Currently, 14% of all land in England is unregistered. As HMLR moves towards comprehensive registration of publicly owned land by 2025 which will help to fulfil the housing needs and the Governmental pledge of 300,000 new homes by 2025.

Additionally, following the intense work carried out by HMLR over the past year to centralise and digitise local land charges, HMLR has recognised that this process is a lot more challenging than was originally thought. Each local authority’s local land charges data differs greatly in terms of format, standards and quantity so there is no ‘one size fits all’ approach to transforming and migrating the data. As a response to this HMLR has developed new tools to streamline the process of analysing and improving data for future migrating local authorities.

HMLR are creating a digital land register that will be easier for conveyancers to interpret, improve HMLR efficiency and provider richer data to businesses and citizens. At the same time, with over 26 miles of boxes of historic files to sift through and scan, they recognise that it’s going to be a long process.

The discussion also looked at new technology and how adoption could improve the conveyancing process. The benefits of smart contracts and blockchain were recognised as potential landmark pieces of technology to help drive conveyancing forwards.

Delegates looked at a demonstration of collaborative working between key stakeholders. Premier Property Lawyers, Michcon, Yoti, HMLR and Shieldpay have worked together to help create an automated conveyancing process which will encourage communication, enable the consumer to remain informed as well as reducing time scales and costs.

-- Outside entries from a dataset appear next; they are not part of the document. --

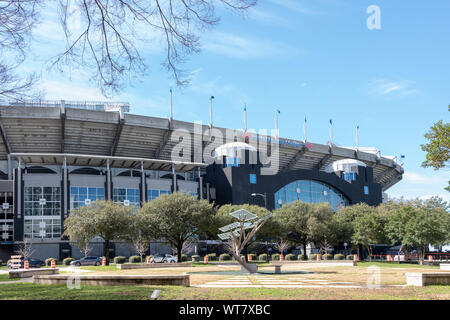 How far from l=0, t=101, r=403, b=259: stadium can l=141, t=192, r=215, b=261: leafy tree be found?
2177 cm

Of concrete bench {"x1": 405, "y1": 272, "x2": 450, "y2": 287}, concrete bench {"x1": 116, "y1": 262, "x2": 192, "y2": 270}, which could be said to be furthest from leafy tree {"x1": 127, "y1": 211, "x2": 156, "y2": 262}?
concrete bench {"x1": 405, "y1": 272, "x2": 450, "y2": 287}

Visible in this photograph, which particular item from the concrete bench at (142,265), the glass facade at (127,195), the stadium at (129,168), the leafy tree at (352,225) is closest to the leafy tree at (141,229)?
the concrete bench at (142,265)

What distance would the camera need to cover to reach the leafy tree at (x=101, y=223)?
168 feet

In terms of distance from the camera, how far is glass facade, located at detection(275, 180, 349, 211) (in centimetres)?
9756

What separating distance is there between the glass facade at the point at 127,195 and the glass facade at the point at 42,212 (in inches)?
350

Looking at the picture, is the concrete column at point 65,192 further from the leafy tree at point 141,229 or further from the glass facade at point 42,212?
the leafy tree at point 141,229

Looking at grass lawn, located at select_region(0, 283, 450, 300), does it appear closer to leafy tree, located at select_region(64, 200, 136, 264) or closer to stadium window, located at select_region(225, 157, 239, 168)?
leafy tree, located at select_region(64, 200, 136, 264)

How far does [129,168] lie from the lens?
91312 mm

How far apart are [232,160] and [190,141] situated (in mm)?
8538

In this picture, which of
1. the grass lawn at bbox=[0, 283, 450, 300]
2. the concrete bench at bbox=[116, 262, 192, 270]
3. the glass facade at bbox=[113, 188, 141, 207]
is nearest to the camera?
the grass lawn at bbox=[0, 283, 450, 300]

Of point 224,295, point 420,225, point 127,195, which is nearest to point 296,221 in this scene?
point 420,225

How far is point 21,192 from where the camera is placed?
73.0 metres

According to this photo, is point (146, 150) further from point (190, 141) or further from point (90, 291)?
point (90, 291) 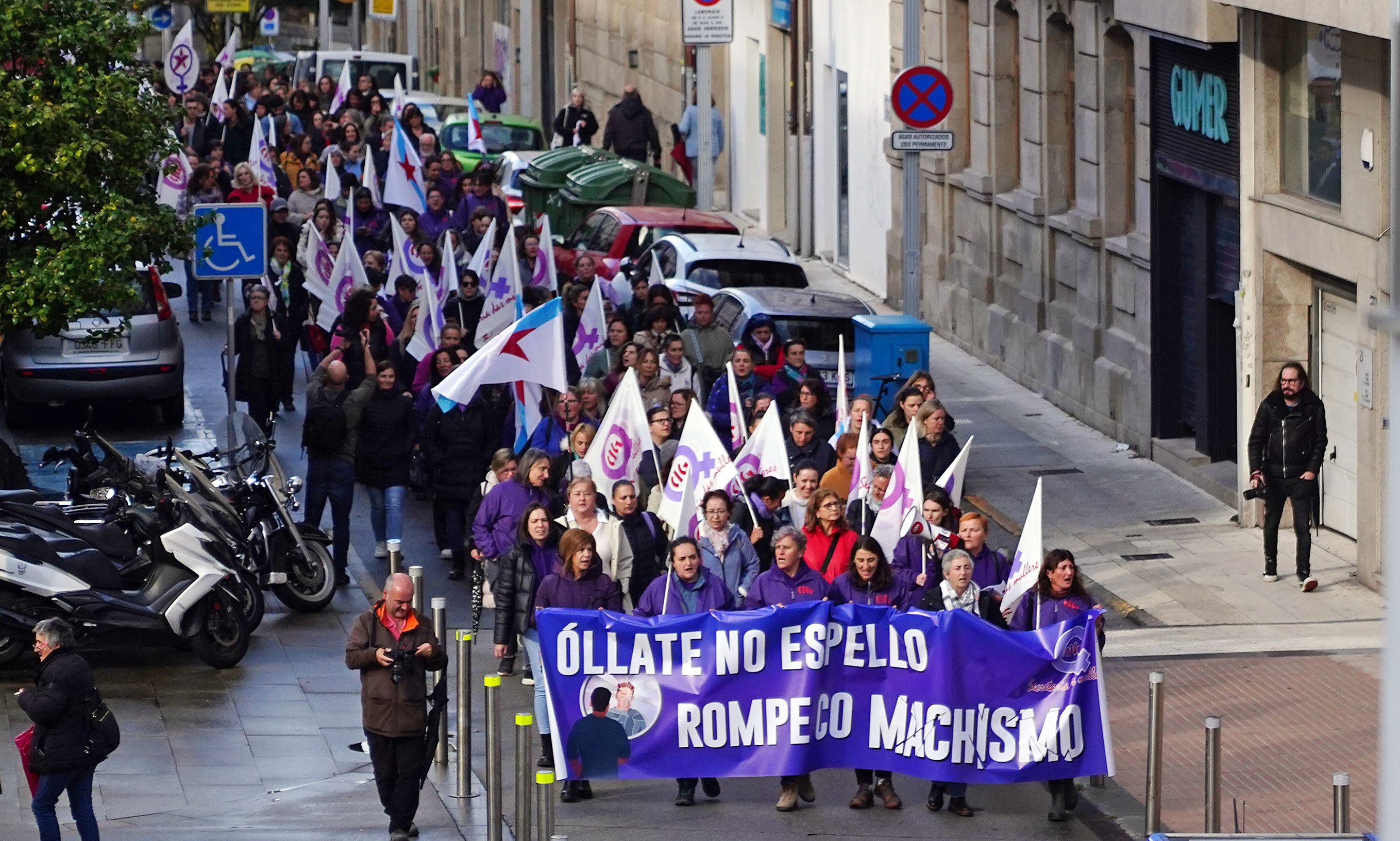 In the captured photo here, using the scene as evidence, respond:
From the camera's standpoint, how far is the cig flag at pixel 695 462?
14664 mm

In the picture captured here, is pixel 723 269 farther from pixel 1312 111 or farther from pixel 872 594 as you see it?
pixel 872 594

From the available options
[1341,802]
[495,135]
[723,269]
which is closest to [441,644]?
[1341,802]

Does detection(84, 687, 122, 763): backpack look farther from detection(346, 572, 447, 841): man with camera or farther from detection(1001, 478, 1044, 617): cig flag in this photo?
detection(1001, 478, 1044, 617): cig flag

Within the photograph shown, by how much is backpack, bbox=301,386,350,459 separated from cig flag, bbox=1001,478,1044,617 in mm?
6085

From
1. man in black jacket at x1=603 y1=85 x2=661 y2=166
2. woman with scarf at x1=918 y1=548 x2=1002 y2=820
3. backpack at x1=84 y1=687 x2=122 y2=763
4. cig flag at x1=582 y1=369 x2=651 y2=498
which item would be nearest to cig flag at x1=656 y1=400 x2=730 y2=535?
cig flag at x1=582 y1=369 x2=651 y2=498

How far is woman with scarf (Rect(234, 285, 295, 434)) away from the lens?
2048cm

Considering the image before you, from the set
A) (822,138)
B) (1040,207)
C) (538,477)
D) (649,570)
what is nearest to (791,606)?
(649,570)

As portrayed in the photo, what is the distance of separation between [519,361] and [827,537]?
3.81 m

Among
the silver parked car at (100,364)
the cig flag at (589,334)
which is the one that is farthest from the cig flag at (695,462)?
the silver parked car at (100,364)

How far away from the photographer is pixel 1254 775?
491 inches

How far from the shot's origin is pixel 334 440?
55.5 feet

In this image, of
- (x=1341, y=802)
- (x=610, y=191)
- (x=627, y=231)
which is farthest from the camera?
(x=610, y=191)

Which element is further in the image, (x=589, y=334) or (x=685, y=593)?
(x=589, y=334)

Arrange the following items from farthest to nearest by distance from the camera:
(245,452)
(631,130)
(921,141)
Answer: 1. (631,130)
2. (921,141)
3. (245,452) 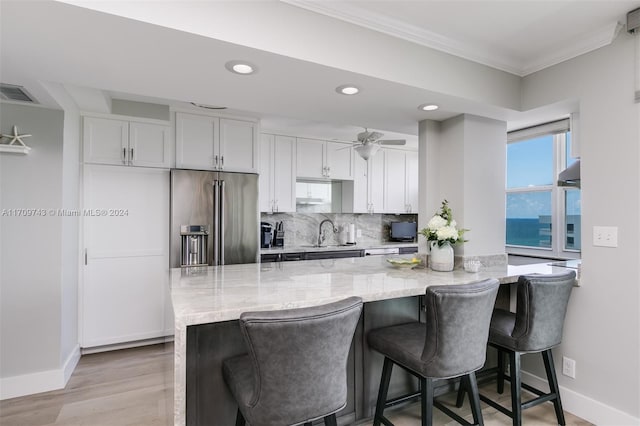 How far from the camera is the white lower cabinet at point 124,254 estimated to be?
3279 millimetres

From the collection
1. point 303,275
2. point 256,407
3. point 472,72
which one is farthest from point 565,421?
point 472,72

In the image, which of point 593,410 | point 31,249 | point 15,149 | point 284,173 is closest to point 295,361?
point 593,410

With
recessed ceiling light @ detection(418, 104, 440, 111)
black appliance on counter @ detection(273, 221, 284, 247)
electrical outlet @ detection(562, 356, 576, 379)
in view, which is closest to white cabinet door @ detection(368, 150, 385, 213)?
black appliance on counter @ detection(273, 221, 284, 247)

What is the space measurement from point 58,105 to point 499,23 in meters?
3.06

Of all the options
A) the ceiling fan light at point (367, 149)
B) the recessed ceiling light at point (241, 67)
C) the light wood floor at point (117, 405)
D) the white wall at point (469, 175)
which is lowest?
the light wood floor at point (117, 405)

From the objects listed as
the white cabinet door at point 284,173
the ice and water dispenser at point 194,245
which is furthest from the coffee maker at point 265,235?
the ice and water dispenser at point 194,245

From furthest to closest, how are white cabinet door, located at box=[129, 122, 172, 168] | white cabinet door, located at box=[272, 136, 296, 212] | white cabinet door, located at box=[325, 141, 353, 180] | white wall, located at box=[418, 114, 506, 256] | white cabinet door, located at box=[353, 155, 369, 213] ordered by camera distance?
1. white cabinet door, located at box=[353, 155, 369, 213]
2. white cabinet door, located at box=[325, 141, 353, 180]
3. white cabinet door, located at box=[272, 136, 296, 212]
4. white cabinet door, located at box=[129, 122, 172, 168]
5. white wall, located at box=[418, 114, 506, 256]

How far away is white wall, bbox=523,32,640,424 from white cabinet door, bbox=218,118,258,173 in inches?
115

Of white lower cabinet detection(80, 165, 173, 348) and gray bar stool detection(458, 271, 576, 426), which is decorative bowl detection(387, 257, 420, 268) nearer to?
gray bar stool detection(458, 271, 576, 426)

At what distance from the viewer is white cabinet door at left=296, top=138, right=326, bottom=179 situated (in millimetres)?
4648

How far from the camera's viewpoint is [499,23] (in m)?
2.01

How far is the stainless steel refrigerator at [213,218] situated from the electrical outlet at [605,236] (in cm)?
298

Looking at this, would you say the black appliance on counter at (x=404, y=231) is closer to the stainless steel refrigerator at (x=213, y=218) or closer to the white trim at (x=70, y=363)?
the stainless steel refrigerator at (x=213, y=218)

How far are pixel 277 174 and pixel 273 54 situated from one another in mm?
2818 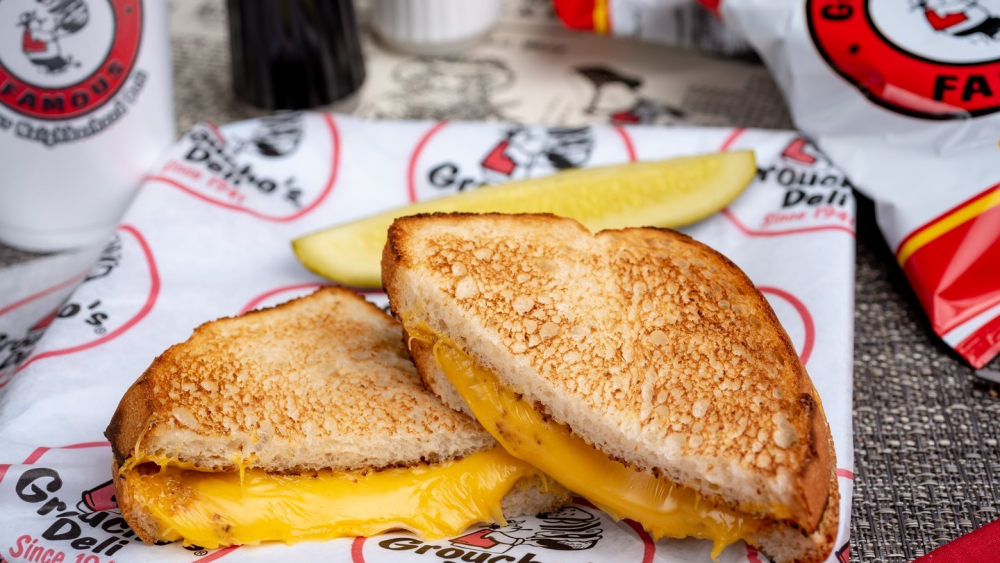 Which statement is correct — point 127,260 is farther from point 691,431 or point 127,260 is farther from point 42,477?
point 691,431

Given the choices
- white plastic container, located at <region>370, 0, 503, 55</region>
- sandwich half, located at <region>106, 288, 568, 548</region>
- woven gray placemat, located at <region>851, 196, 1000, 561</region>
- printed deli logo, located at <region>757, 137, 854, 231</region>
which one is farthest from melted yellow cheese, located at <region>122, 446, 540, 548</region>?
white plastic container, located at <region>370, 0, 503, 55</region>

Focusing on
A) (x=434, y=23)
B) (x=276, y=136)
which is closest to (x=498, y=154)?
(x=276, y=136)

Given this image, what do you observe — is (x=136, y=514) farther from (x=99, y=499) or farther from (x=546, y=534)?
(x=546, y=534)

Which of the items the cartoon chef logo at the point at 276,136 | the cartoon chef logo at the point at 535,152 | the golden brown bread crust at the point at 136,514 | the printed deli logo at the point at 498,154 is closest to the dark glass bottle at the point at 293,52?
the cartoon chef logo at the point at 276,136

Again, whilst automated conveyancing may solve persistent issues affecting the sector, the technology is unachievable and overly aspirational in the present.

Some in attendance reminded those of Veyo and the need for all stakeholders to embrace the technology in order for it to become effective. Others suggested that clients may be reluctant to embrace changes of this magnitude if the technology is untested.

In the short term, it was agreed that the sector needs to secure the insecure. The use of portals remains inconsistent and whilst this may be fully utilised in the future, the sector needs to find a process that can securely and universally work across the whole sector.

Later sessions considered the increasing threat of subsidence unsettling the sector.

Terrafirma highlighted the fact that clay causing subsidence is an issue plaguing the entirety of London but is also a silent issue permeating and affecting the whole of the UK.

Currently, 1 in 10 insurance claims are related to subsidence and ground stability. Anecdotally, it was found that clients are reluctant to have in depth surveys carried out, surveys that could expose these issues before the potential buyer makes an offer.

Whilst coal searches are mandated, other forms are not enforced. It is thought that 1 in 50 London homes are impacted by clay subsidence and the Conveyancing Handbook and regulations should be updated to reflect this threat.

The issue of accountability was also discussed. Many conveyancers were clear that insurance issues and choosing the correct insurance rest with the surveyor. Although some conveyancers are careful to inform clients of the advice they will offer and areas they will avoid up front, it is clear that consumers would benefit from a more collaborative process.